▸ Task requirements
Please quote exactly the opening lines of the data, from the first line to the one where "Celebrating Real Madrid" appears.

▸ Available data
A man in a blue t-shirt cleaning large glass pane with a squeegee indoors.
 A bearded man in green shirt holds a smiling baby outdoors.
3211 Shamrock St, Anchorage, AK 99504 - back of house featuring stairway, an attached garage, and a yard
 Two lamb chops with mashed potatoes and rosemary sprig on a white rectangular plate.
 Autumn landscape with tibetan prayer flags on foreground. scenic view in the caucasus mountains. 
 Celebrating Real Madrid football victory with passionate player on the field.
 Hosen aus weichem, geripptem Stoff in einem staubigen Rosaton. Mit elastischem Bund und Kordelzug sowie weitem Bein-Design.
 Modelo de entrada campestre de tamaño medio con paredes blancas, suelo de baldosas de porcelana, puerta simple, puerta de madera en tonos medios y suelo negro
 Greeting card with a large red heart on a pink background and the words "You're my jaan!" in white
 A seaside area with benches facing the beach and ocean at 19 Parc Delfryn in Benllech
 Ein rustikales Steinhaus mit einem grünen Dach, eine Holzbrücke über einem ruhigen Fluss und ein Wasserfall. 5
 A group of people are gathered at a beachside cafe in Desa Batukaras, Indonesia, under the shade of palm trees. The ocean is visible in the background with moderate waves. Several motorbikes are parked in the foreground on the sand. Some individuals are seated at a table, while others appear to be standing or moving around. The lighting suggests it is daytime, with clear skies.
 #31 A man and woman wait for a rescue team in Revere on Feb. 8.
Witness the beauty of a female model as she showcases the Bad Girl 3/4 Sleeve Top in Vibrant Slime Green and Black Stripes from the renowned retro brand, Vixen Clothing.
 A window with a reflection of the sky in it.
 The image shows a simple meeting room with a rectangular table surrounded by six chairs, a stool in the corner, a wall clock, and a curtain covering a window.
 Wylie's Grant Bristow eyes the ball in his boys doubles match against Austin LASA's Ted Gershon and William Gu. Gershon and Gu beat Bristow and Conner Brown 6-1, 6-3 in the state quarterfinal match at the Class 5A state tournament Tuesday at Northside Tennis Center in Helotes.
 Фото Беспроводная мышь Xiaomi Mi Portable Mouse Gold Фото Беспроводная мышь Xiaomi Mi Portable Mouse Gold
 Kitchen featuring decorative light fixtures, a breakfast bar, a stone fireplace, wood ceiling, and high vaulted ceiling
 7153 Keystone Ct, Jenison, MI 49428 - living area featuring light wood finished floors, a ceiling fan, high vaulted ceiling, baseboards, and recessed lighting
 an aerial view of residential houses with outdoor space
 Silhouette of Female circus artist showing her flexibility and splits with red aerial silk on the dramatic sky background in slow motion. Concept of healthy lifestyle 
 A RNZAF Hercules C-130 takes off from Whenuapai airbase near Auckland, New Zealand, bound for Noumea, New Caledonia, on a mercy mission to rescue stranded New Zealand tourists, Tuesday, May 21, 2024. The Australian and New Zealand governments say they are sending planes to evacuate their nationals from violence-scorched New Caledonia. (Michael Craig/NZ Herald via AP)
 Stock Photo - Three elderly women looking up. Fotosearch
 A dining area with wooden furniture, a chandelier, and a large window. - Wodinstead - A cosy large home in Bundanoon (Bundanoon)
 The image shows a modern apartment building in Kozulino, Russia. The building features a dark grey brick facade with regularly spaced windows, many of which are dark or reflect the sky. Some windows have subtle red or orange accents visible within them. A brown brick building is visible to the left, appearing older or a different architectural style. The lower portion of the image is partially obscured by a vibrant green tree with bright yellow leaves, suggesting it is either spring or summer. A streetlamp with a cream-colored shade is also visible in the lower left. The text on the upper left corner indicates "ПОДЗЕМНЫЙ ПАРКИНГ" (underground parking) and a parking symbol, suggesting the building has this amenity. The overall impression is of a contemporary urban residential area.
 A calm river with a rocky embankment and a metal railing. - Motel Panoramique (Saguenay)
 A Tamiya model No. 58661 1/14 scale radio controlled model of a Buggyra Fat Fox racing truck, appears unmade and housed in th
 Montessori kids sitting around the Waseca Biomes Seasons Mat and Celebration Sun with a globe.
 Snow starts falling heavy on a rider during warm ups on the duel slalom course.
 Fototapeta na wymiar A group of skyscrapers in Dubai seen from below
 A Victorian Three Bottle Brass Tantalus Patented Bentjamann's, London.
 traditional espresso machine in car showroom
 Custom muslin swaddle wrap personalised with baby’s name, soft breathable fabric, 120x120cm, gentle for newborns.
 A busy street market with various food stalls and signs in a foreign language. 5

▸ Written answer
A man in a blue t-shirt cleaning large glass pane with a squeegee indoors.
 A bearded man in green shirt holds a smiling baby outdoors.
3211 Shamrock St, Anchorage, AK 99504 - back of house featuring stairway, an attached garage, and a yard
 Two lamb chops with mashed potatoes and rosemary sprig on a white rectangular plate.
 Autumn landscape with tibetan prayer flags on foreground. scenic view in the caucasus mountains. 
 Celebrating Real Madrid football victory with passionate player on the field.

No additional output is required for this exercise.